***** Exercise materials *****

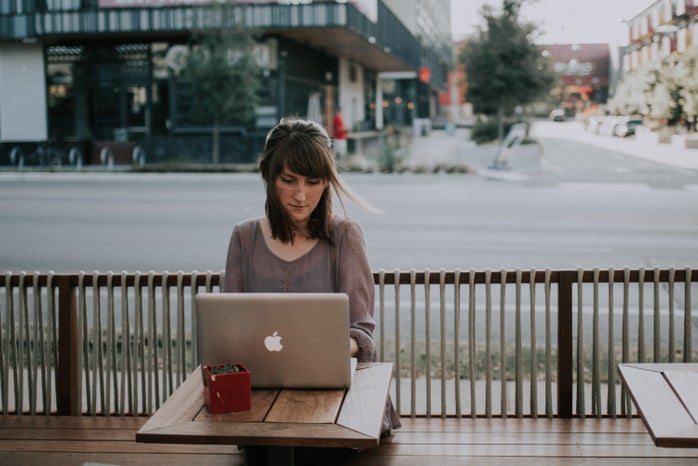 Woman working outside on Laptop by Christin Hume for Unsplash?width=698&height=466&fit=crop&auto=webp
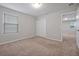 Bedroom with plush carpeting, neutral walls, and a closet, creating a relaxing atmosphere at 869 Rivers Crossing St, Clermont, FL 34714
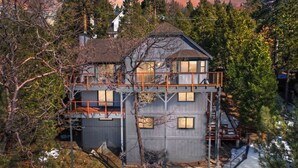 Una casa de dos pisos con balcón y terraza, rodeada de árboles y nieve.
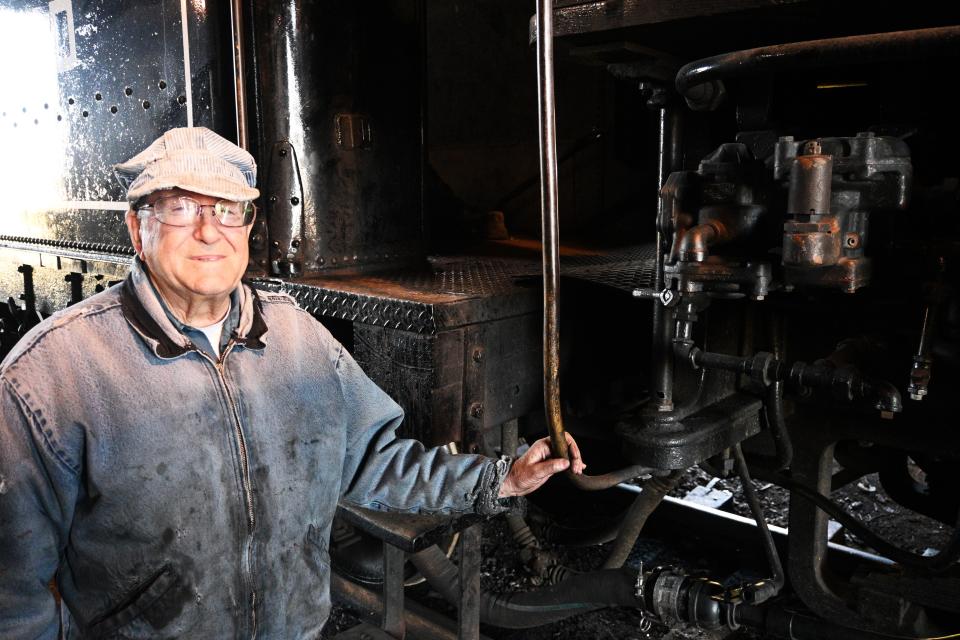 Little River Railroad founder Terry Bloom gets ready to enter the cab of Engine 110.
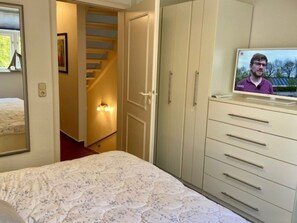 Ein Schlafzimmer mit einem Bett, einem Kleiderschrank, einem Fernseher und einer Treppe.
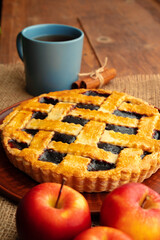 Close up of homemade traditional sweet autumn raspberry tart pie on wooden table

*****
***** Exercise materials *****

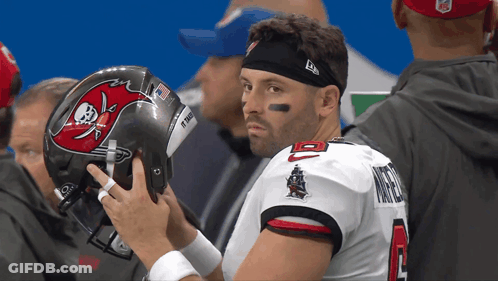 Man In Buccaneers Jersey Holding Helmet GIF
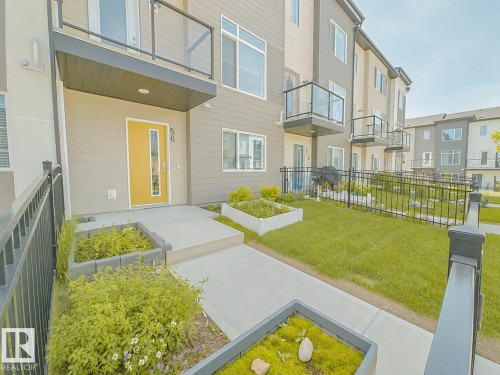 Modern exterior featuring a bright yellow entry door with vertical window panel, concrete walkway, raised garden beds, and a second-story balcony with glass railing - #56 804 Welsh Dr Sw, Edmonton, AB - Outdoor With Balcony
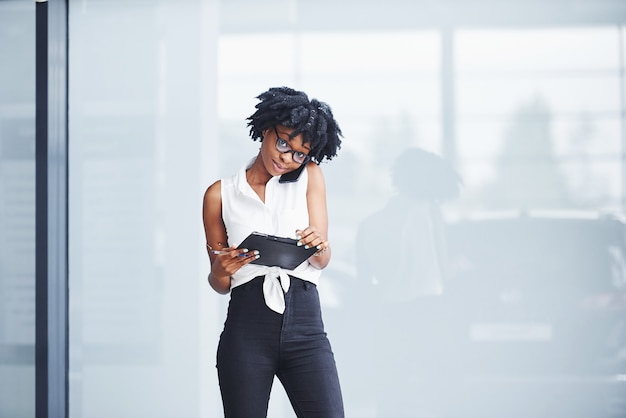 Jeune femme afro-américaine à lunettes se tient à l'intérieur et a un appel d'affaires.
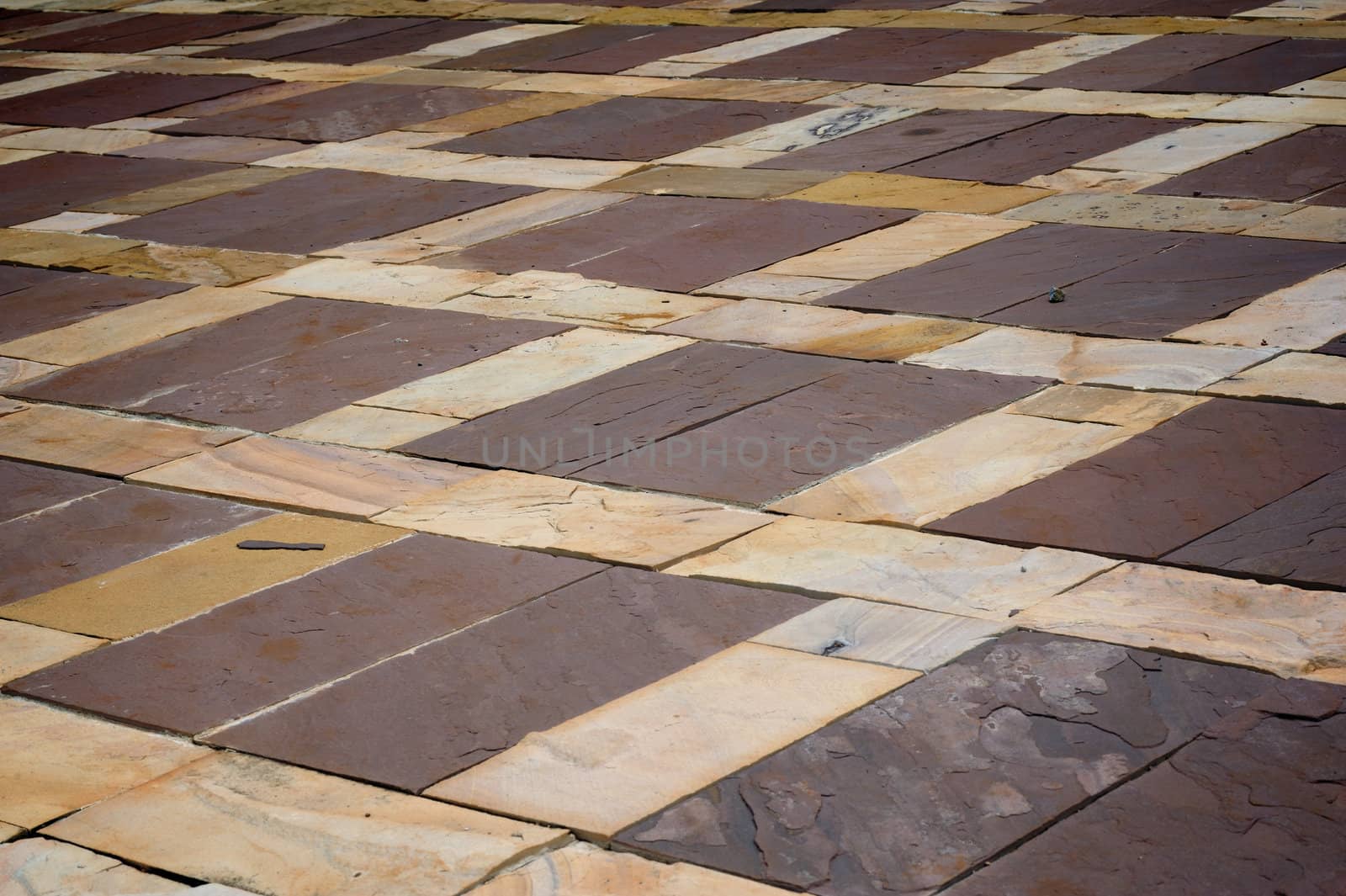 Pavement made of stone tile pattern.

*****

## Instructions for the task
Leaving out the pictures, please output the lines in the entries above from the one with "Jeune femme afro-américaine" through the one with "Pavement made of stone tile pattern.", exactly as they are.

## Answer area
 Jeune femme afro-américaine à lunettes se tient à l'intérieur et a un appel d'affaires.
 Pavement made of stone tile pattern.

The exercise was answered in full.